TAMPA, Fla. — The 2012 Republican National Convention began with a day of canceled events, and ended with a bizarre unscripted moment in which Clint Eastwood lectured an empty chair. And there were few true bright spots in between.
The party’s rising star, New Jersey Gov. Chris Christie, failed to impress with his much-hyped keynote address. The vaunted vice presidential nominee? His speech took a pounding from fact-checkers, potentially knocking the Romney campaign off kilter just as it enters the home stretch.
And then there’s the racially charged flying legumes.
There was much for Republicans to celebrate in Tampa: the fresh faces on stage who energized the room and revealed a deep Republican bench of young talent, the emergence of Ann Romney as a beloved national figure and a final night that went a long way toward humanizing Mitt Romney with compelling personal stories.

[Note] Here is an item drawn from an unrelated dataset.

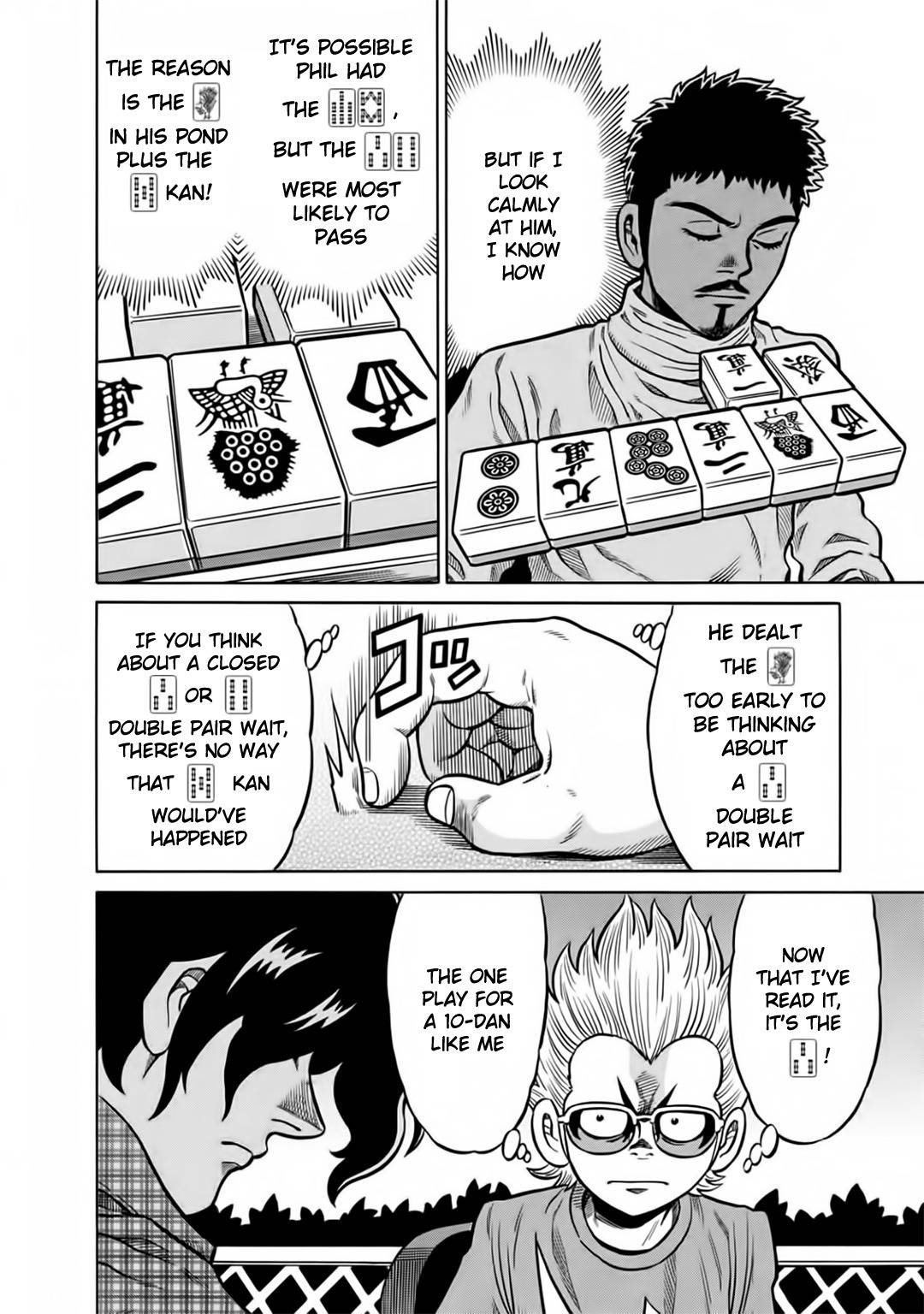 Tetsunaki no Kirinji - Kabukichou Seiatsu Hen Chapter 47 page 6 - Chapter 47: Expected Tedium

But every day also seemed to bring another round of bad news, leaving the convention limping to the end. A rundown of what went wrong:
The weather system known as Isaac (which strengthened from a tropical storm to a hurricane and back over the course of the convention) cast dark clouds over Tampa in the days leading up to the official start of the convention Monday. Though the storm took a turn away from the convention site, organizers had to scramble and cancel a day, leading to public bickering over who was to blame for placing the convention and its thousands of attendees in the path of a major storm.
• The Ron Paul Revolution
For months, Ron Paul supporters exploited obscure primary and caucus rules long after Romney’s victory was apparent to amass a decent minority of delegates, many of them bound to Romney, for the convention. But when RNC officials passed new rules trying to prevent Paul backers from poaching more delegates in 2016, the Paul crowd erupted in anger.
On the first day of the convention, tensions boiled over as they staged a rowdy protest during the official roll call vote. On the second night, they sat for a video tribute to Paul, then walked out en masse, chanting anti-RNC slogans.

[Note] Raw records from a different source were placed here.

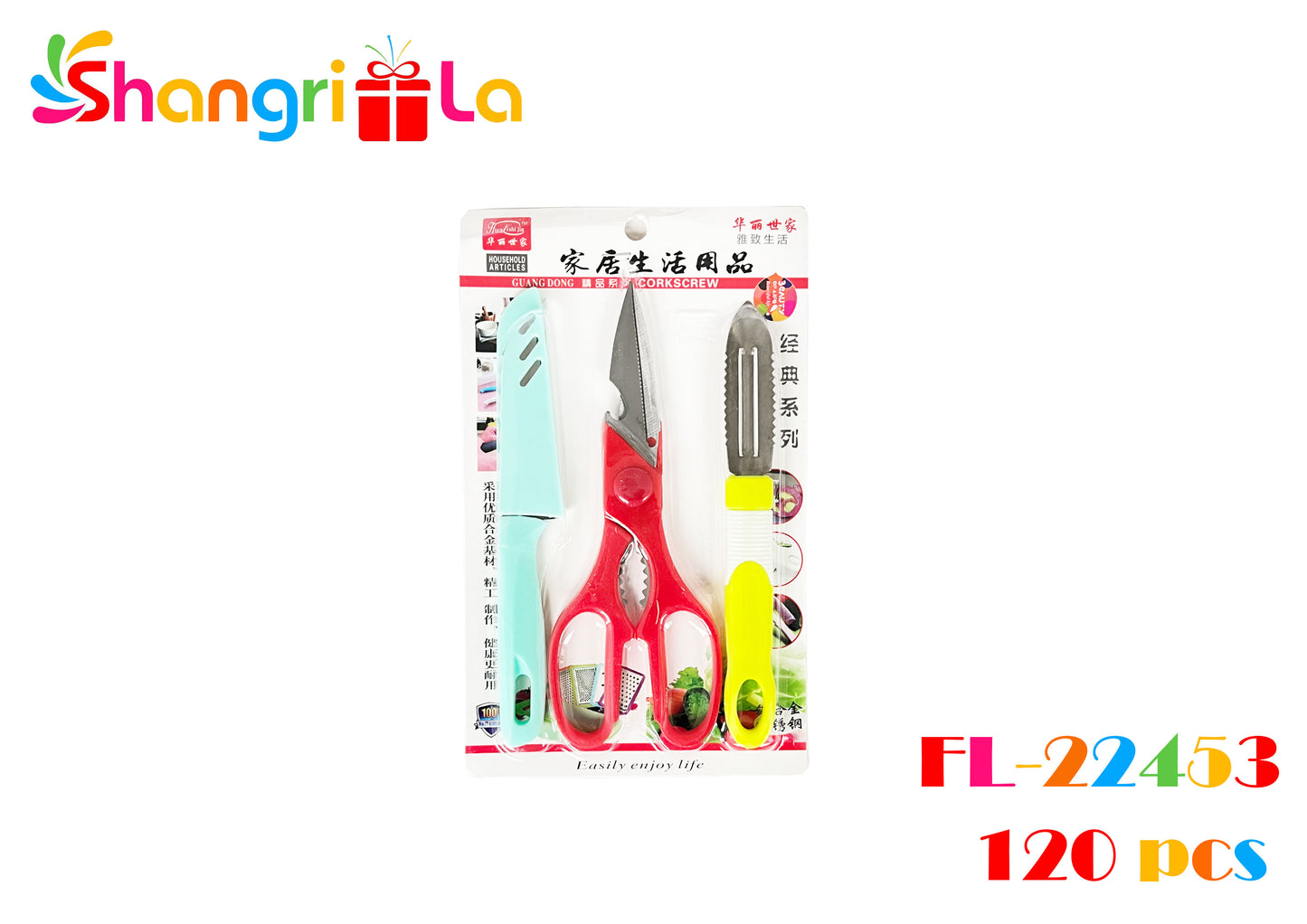 SET CUCHILLO + TIJERA DE COCINA + PELADOR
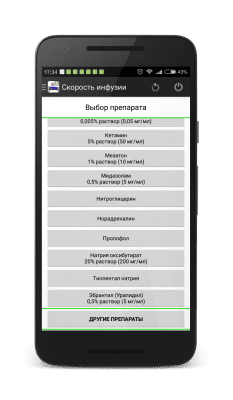 Screenshot of the application Infusion rate (calculator) - #1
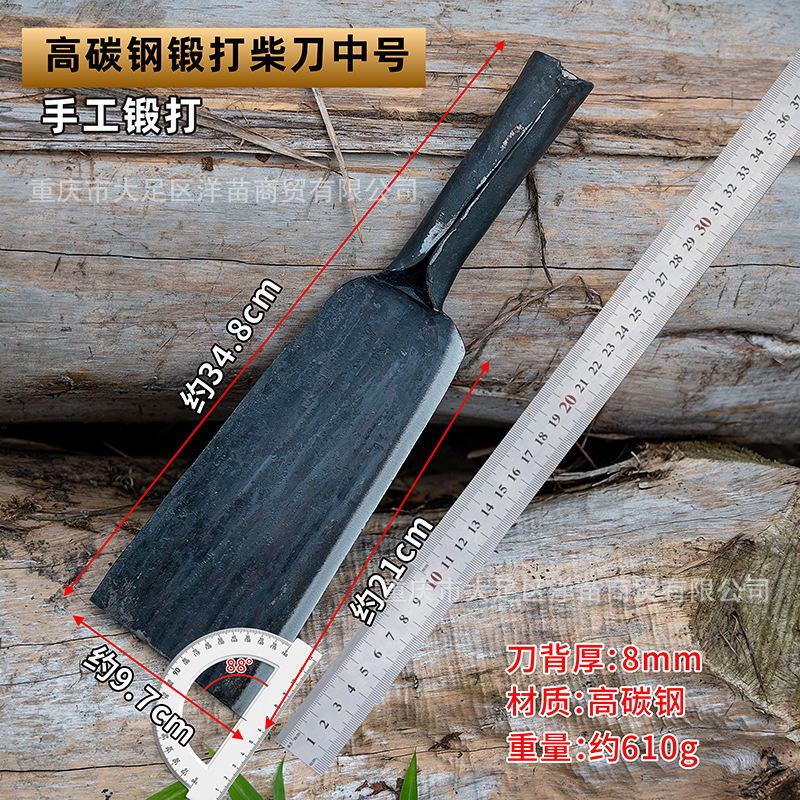 新款家用柴刀砍割镰刀开路加厚竹刀多功能砍柴大刀锋利户外钓鱼刀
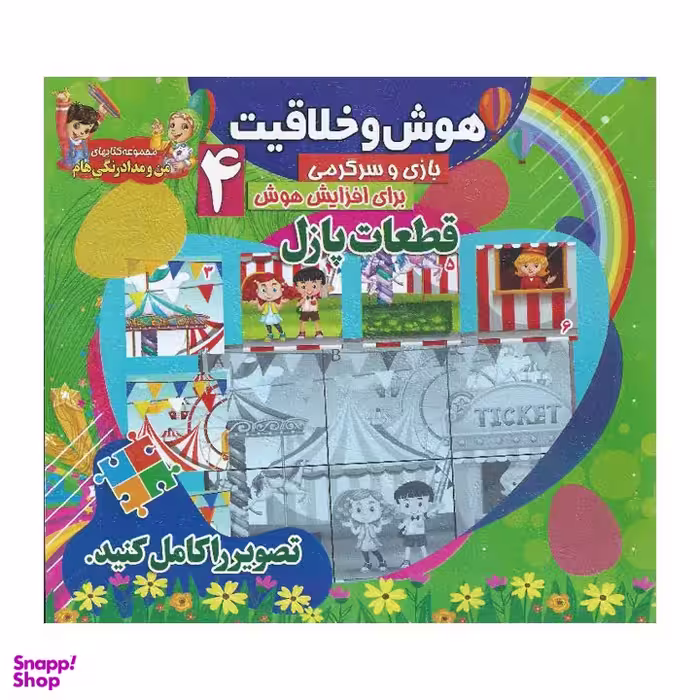 کتاب هوش و خلاقیت 4 (قطعات پازل)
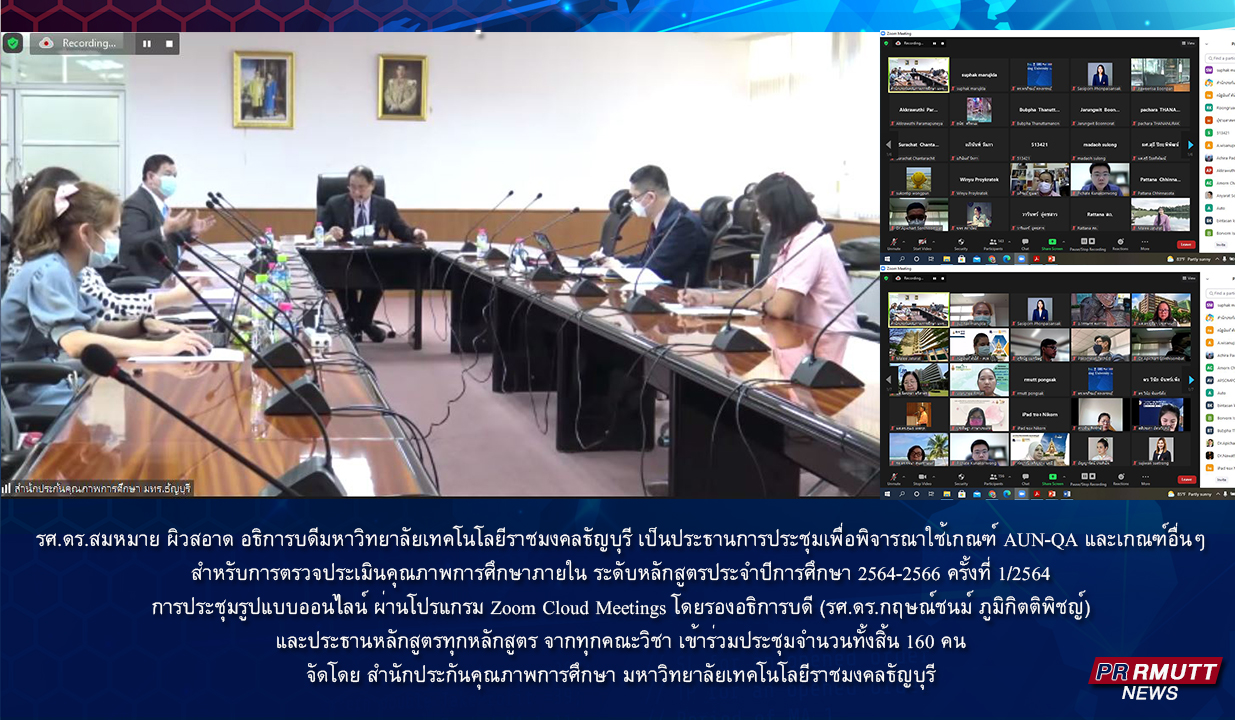 ภาพประกอบเว็บไซต์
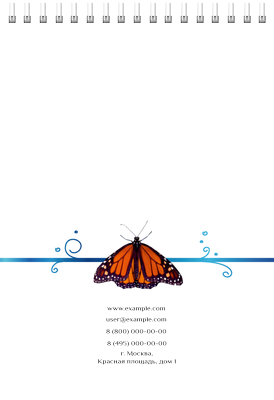 Вертикальные блокноты A5 - Бабочки Задняя обложка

“We got railroaded by a freight train of hypocrisy,” one Paul delegate told TPM. “We’re trying to raise the integrity of the Republican Party, and if they won’t do it from the top down, we’ll do it from the bottom up.”
• The Peanuts
It was clearly the goal of Tampa’s organizers to showcase the GOP’s diversity. But on the same night as Utah congressional candidate Mia Love knocked ‘em dead from the podium, the RNC had to deal with an ugly racial incident involving two of its own. Patricia Carroll, a black CNN camerawoman, was the victim of a racist attack in which two members of the crowd threw peanuts at her and said, “This is how we feed the animals.”
The RNC immediately condemned the behavior and threw the two offending attendees out of the convention. But the ugly story lingered in the background of the remaining convention coverage.
Paul Ryan’s Factually Challenged Speech
Romney’s running mate Paul Ryan fired up the crowd with a tough speech attacking Obama’s economic record Wednesday night. But numerous factual inaccuracies in his address were so glaring that they quickly became a major story of their own.
In the most-cited example, Ryan excoriated Obama over a GM plant that closed in his Janesville, Wis., district, which he trumpeted as a sign of the president’s economic failures. But the plant closed in 2008 under President Bush, mostly due to market trends that long predated Obama. As Obama’s auto czar Steve Rattner noted, Ryan’s insistence that Obama should have saved the individual assembly line also ran directly counter to his frequent refrain that the government shouldn’t be in the business of “picking winners and losers.”
• Constant Distractions, On Stage And Off
Mike Huckabee marred the RNC’s outreach to women when he made a personal joke about DNC Chairwoman Debbie Wasserman Schultz on stage, which Democrats saw as sexist. Ann Romney, despite impressing just about everyone with her poised and warm address Tuesday, marred the Romney campaign’s outreach push to Hispanics when she said of Puerto Ricans, “you people know how to party.” Some Hispanic Republicans in the room were not happy.
• Clint Eastwood Debates An Empty Chair
The Romney campaign couldn’t have been more excited when word leaked that Clint Eastwood, a former Republican mayor in California, would make a surprise primetime appearance for the final night of the convention.
What they hoped for was a rugged boost of charisma from arguably the most beloved actor in Hollywood. What they got was a rambling, mumbled, disjointed piece of performance art in which Eastwood interviewed an empty chair that was apparently a stand-in for Obama.
Romney aides in attendance reportedly winced as Eastwood’s ad-libbed speech continued on for 12 minutes, never building toward any coherent theme.
The Republican delegates loved it, at least. And so did the Internet, where people began taking photos of themselves arguing with chairs in a meme dubbed “Eastwooding.”